Washington, D.C. – U.S. Congressman Kevin Brady of Texas, the Vice Chairman of the Joint Economic Committee, made the following statement upon today’s release of Employment Situation Report for May 2015 by the Bureau of Labor Statistics, which reported an increase of 280,000 nonfarm payroll jobs (262,000 private payroll jobs) and the unemployment rate ticked up to 5.5 percent.

“It’s good news that an additional 280,000 Americans found work in May, but unacceptable that the Obama recovery’s private jobs gap is still north of 5 ½ million.   Despite today’s report, the Obama private jobs gap has gotten bigger, not smaller over the past year.”

  • Private-sector Jobs Gap.  Compared with the average of other post-1960 recoveries lasting more than one year, the private-sector jobs gap stands at 5,650,000.  Compared with the Reagan recovery of the 1980s, the gap stands at 12,149,000 – a new high.

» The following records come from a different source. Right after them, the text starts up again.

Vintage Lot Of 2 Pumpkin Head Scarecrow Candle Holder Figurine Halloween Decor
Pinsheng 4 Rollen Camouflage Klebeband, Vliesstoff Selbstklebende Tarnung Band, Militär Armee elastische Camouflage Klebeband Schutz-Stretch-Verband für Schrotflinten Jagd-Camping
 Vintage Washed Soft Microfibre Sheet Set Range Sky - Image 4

  • Closing the Gap.  Eliminating the Obama recovery’s private-sector jobs gap compared with the average of post-1960 recoveries by the end of 2016 would require the addition of 439,000 private-sector jobs in each of the next 19 months.  Closing the gap compared with the Reagan recovery would require 846,000 private-sector jobs in each of the next 19 months.
  • At This Pace.  Private-sector job gains have averaged 228,000 over the past six months.  At that pace the private-sector jobs gap would be reduced by 29 percent (1,632,000) to 4,018,000 by the end of 2016.
  • Labor Force Participation Rate.  The labor force participation rate rose by 0.1 percentage point to 62.9 percent, remaining near 30-year lows and well below its pre-recession level of 66.0 percent.
  • Employment-to-Population Ratio.  May’s employment-to-population ratio of 59.4 percent means that it has finally regained its level when the recession ended in June 2009, but remains significantly worse than the 62.7 percent in December 2007 when the recession began.
  • Unemployment Rate.  The unemployment rate would be 9.6 percent if the labor force participation rate was at the level it was when President Obama took office (65.7 percent).